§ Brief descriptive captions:
▽
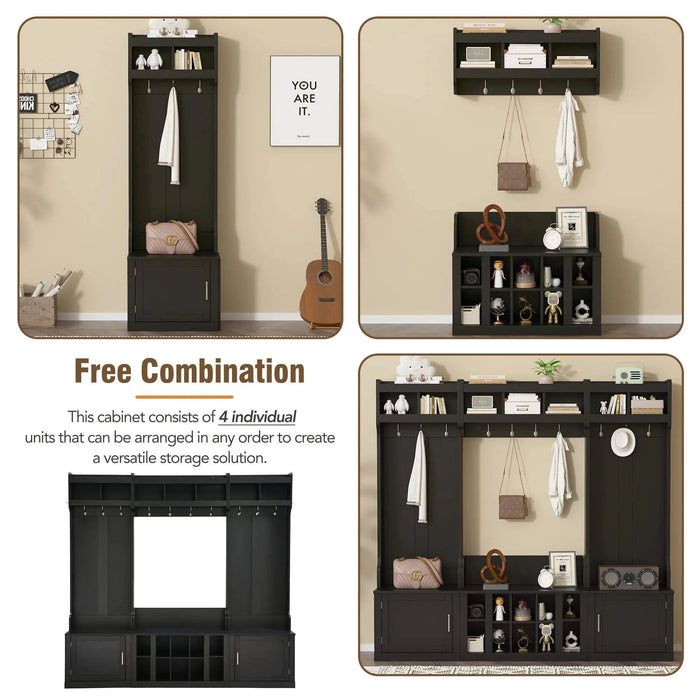 ON-TREND Wide Design Hall Tree with Storage and Bench, 4-IN-1 Multi-functional Entryway Bench with Coat Rack and Shoe Cubbies, Practical Furniture for Hallway, Black(OLD SKU: SD000025AAB) Default -DTYStore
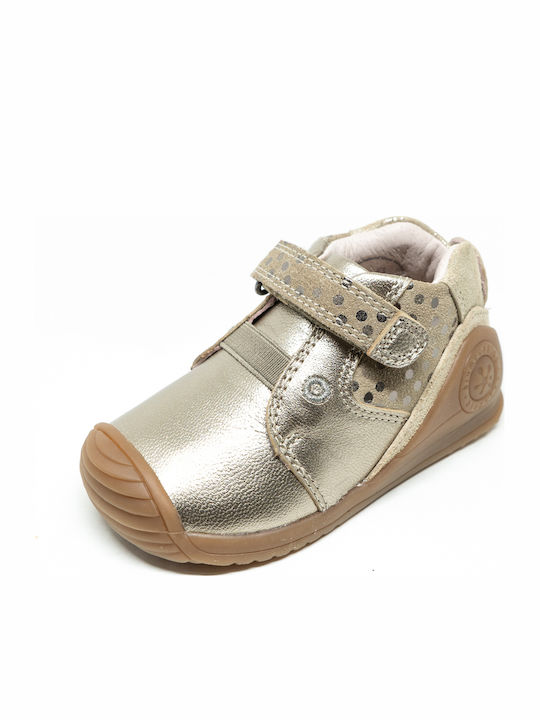 Anatomisch Lederne Kinderstiefeletten mit Klettverschluss Gold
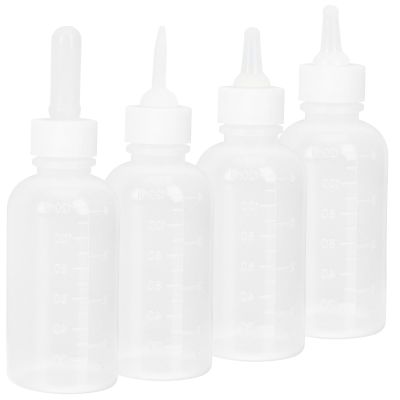 VILLCASE 4-Pack 120 mL Kitten Milk Bottles, Food-Grade Plastic, Shatter-Resistant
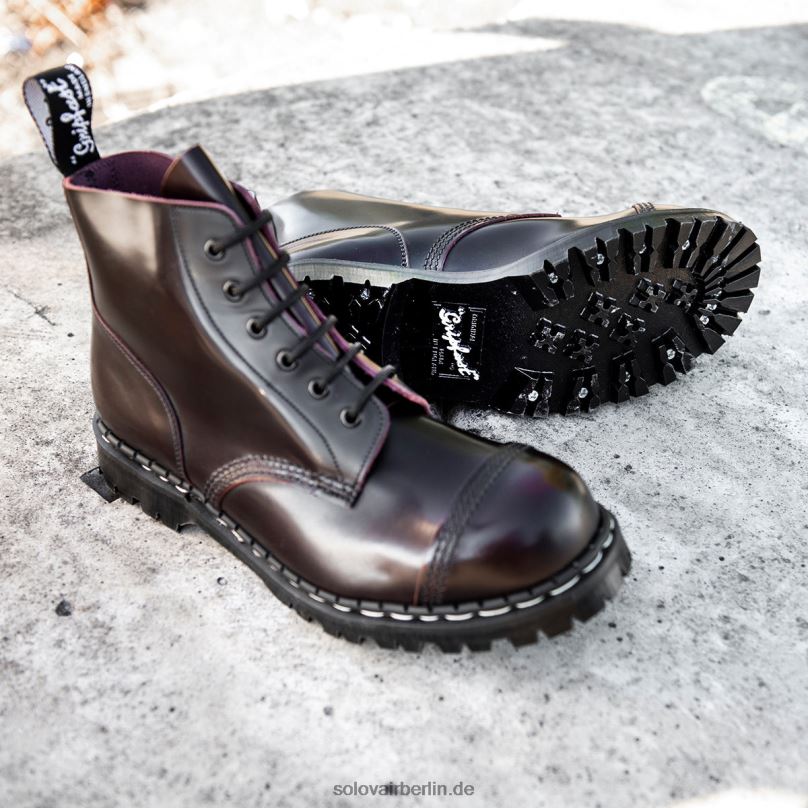 Männer Solovair Burgunderroter Rub-off-6-loch-derby-stiefel Mit Stahlkappe 0284f82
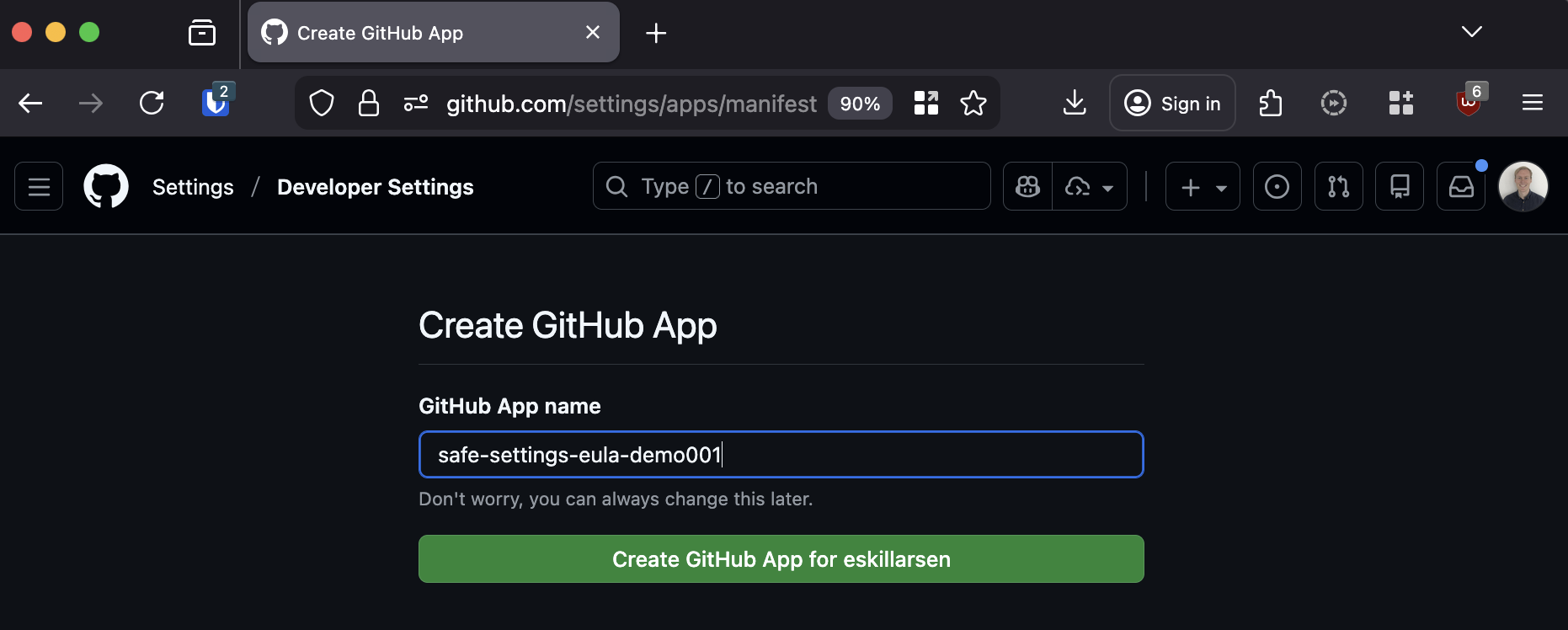 Name and create the GitHub App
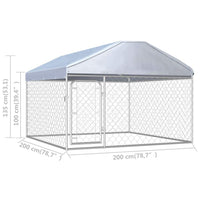 Outdoor Dog Kennel with Roof 200x200x135 cm Kings Warehouse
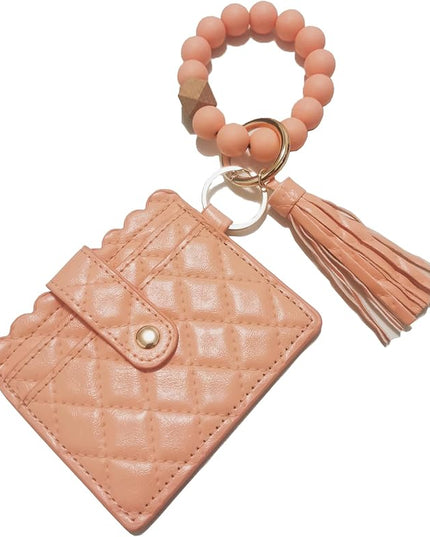 Wristlet Keychain for Women Silicone Key Ring Bracelet Wristlet Wallet Bracelet Keychain Card Holder Keyring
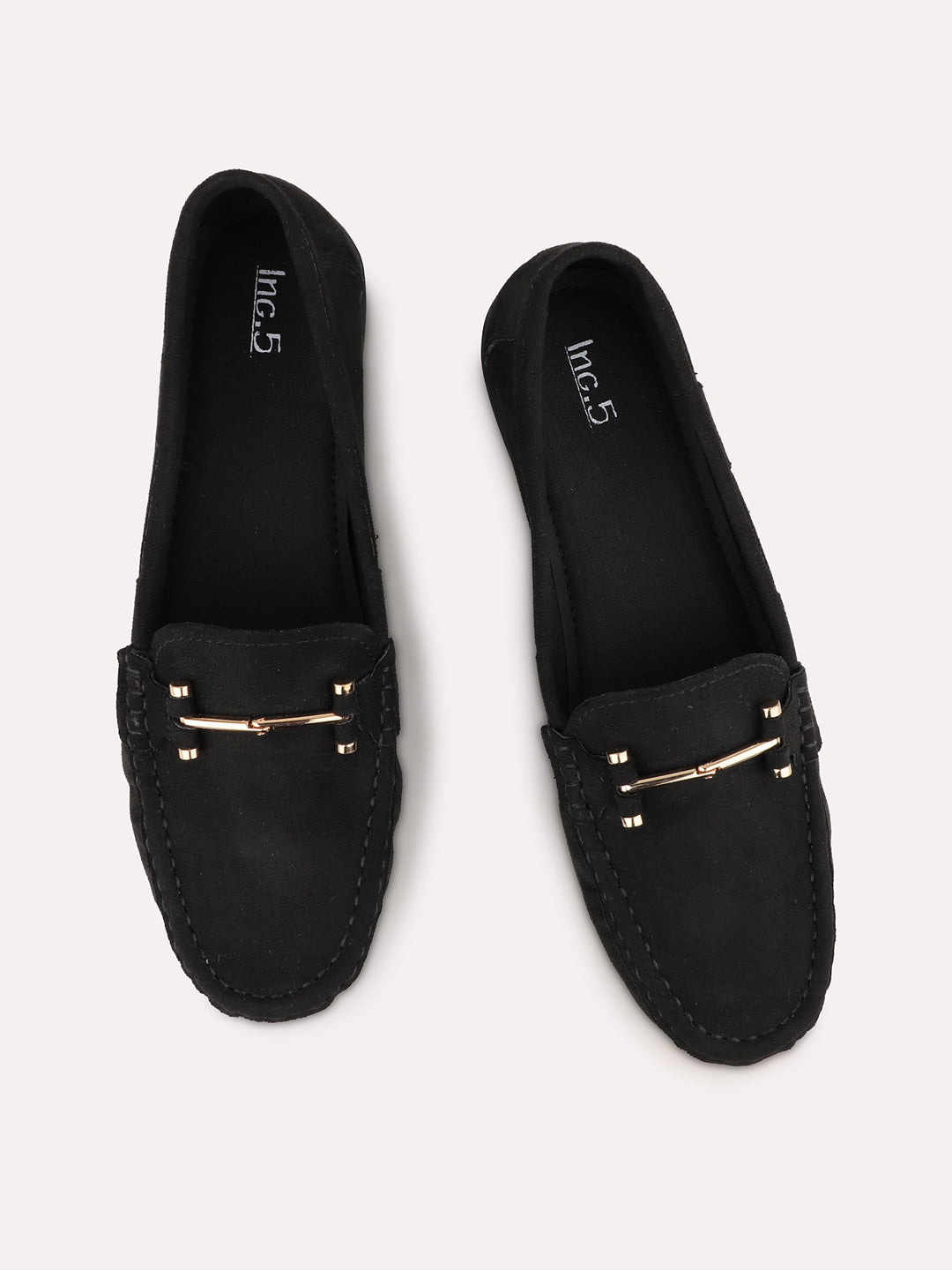 Womens Black Casual Square toe Loafers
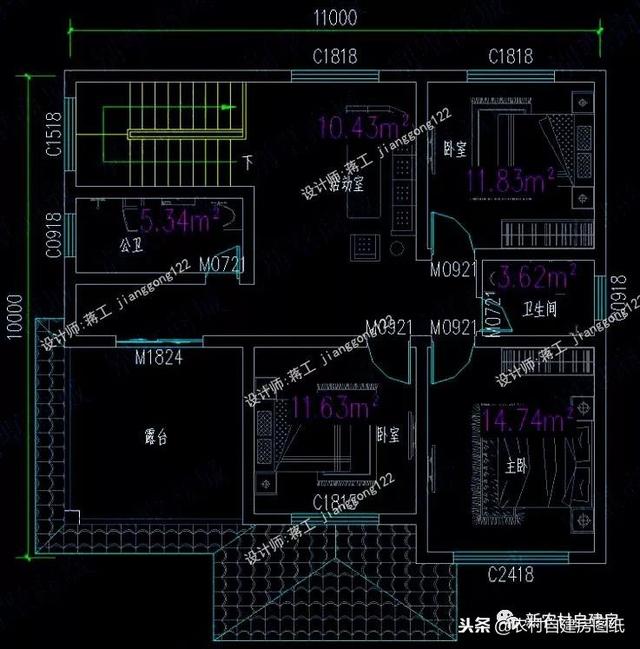 6套140平以內(nèi)的農(nóng)村三層別墅設(shè)計(jì)圖，戶型趕緊選好了，明年就開工建房吧。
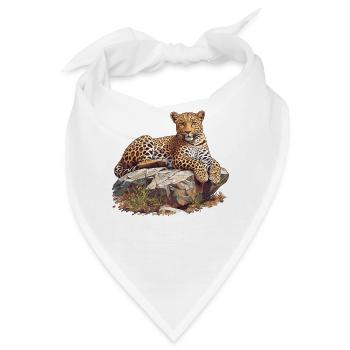 Leoparden Leopard - Bandana - Weiß - Vorne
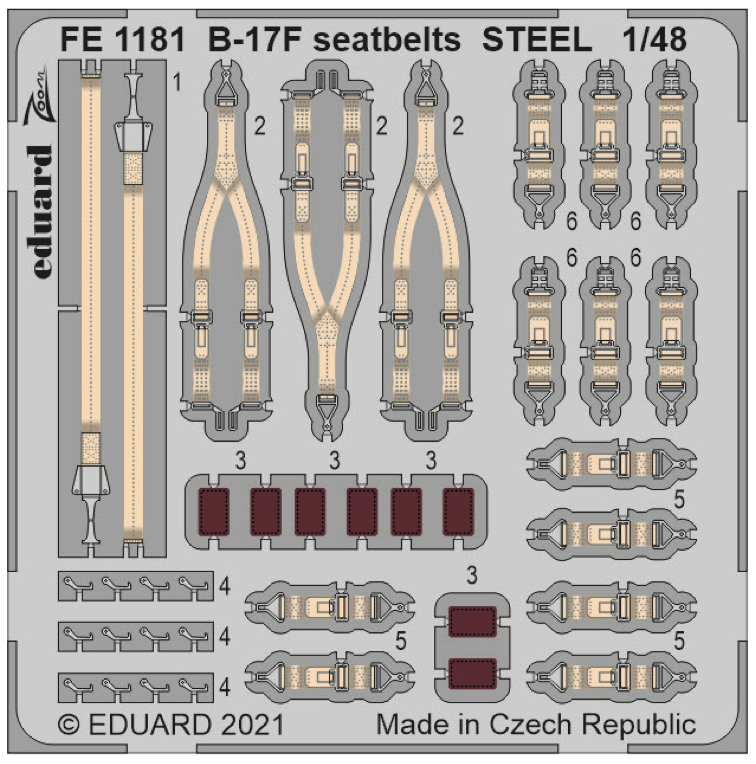Eduard EDFE1181 1:48 Boeing B-17F Flying Fortress seatbelts STEEL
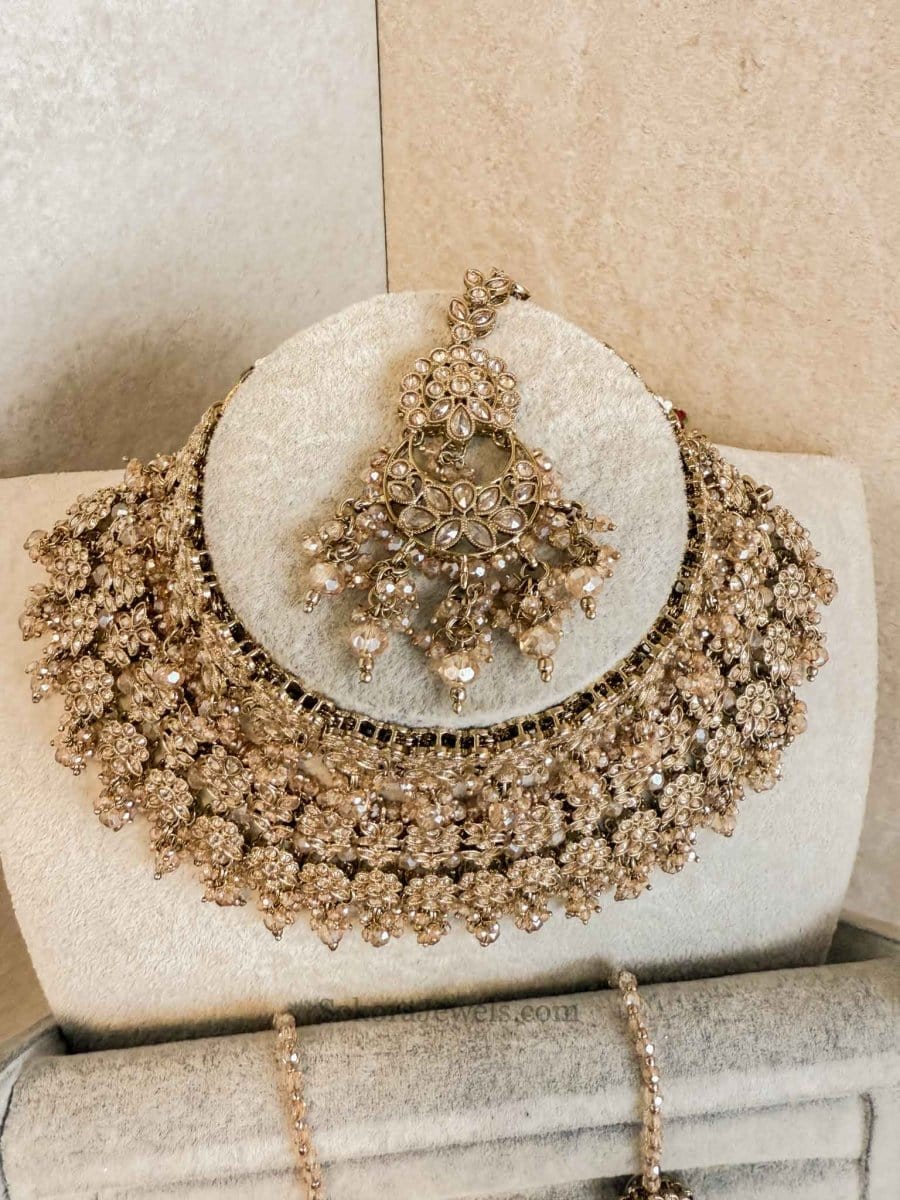 Golden Bridal Necklace Set - SOKORA JEWELSGolden Bridal Necklace Set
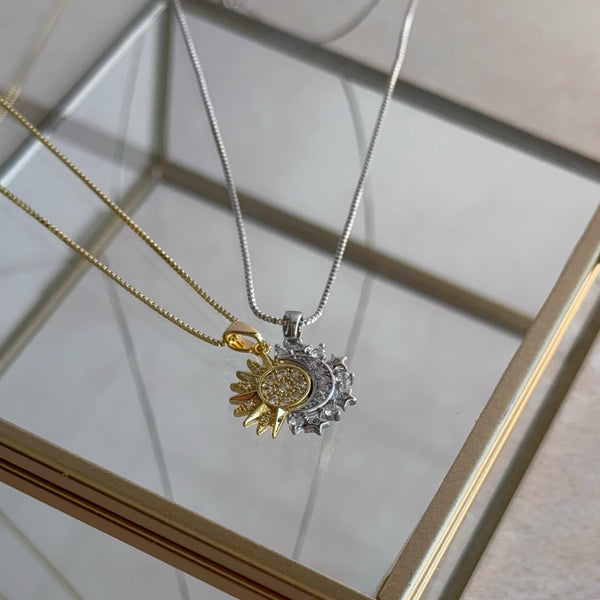 Set Collar Imán Sol y Luna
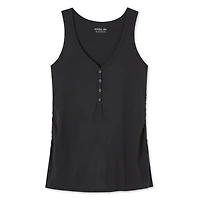 Paisley Sky Maternity Snap Henley Tank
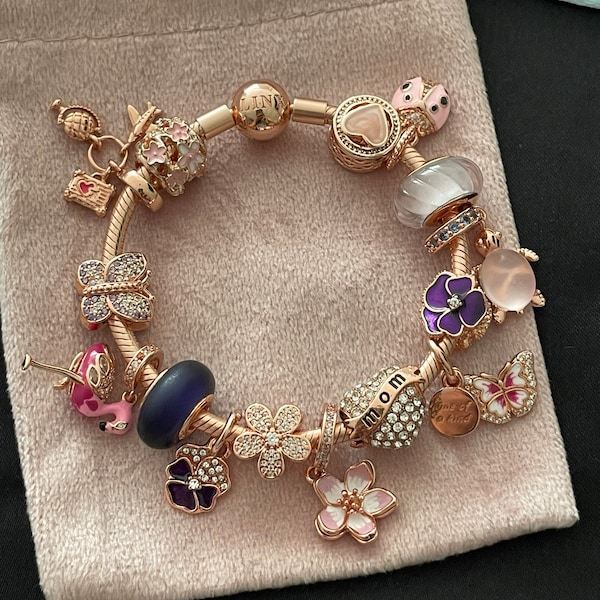 Linx Rose Gold Snake Chain Bracelet with Pink and Purple Themed Charms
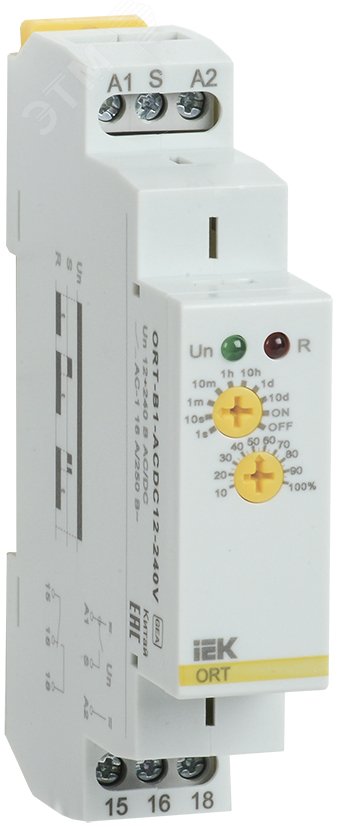 Фото товара Реле задержки выключения ORT. 1 конт. 12-240 В AС/DC ORT-B1-ACDC12-240V
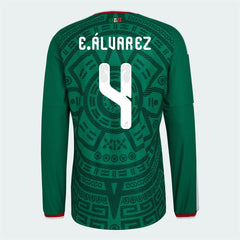 2026 Mexico Men's Authentic Home Long-Sleeve Soccer Jersey Bold Green - Adidas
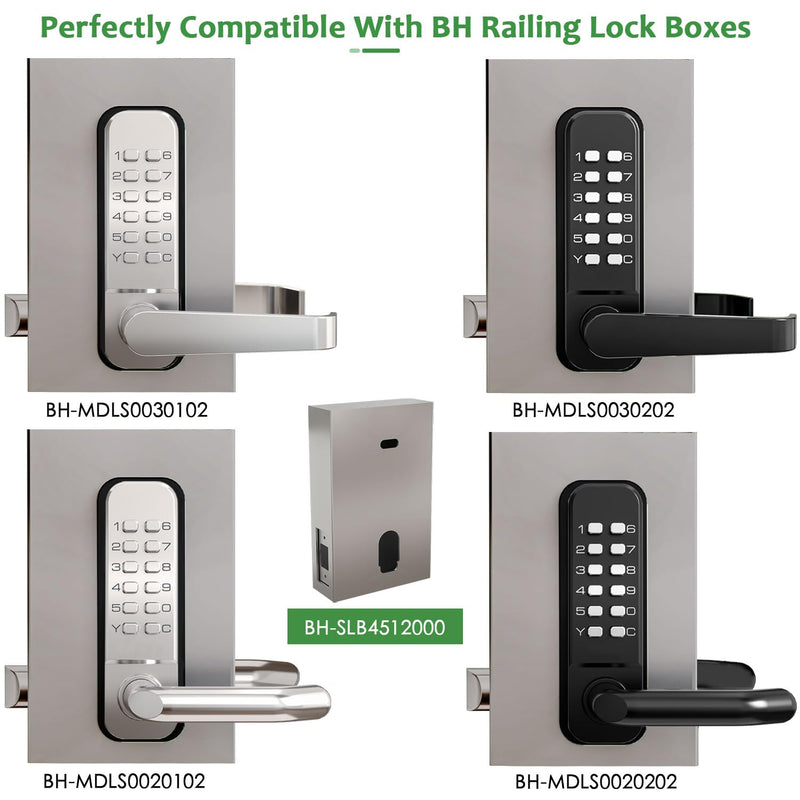 High-Security 12 Digit Keypad Mechanical Door Lock - Keyless Entry, Mechanical Code Lock with Handle, Waterproof & Rustproof, No Battery, Easy to Install, Silver, BH-MDLS0030102 Satin Chrome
△
§ Work order: Above are the records. Copy word for word only their lines from the one holding "Golden Bridal Necklace Set - SOKORA" through the one holding "2026 Mexico Men's", both included, and skip the images.

§ Exercise solution:
 Golden Bridal Necklace Set - SOKORA JEWELSGolden Bridal Necklace Set
 Set Collar Imán Sol y Luna
 Paisley Sky Maternity Snap Henley Tank
 Linx Rose Gold Snake Chain Bracelet with Pink and Purple Themed Charms
 Фото товара Реле задержки выключения ORT. 1 конт. 12-240 В AС/DC ORT-B1-ACDC12-240V
 2026 Mexico Men's Authentic Home Long-Sleeve Soccer Jersey Bold Green - Adidas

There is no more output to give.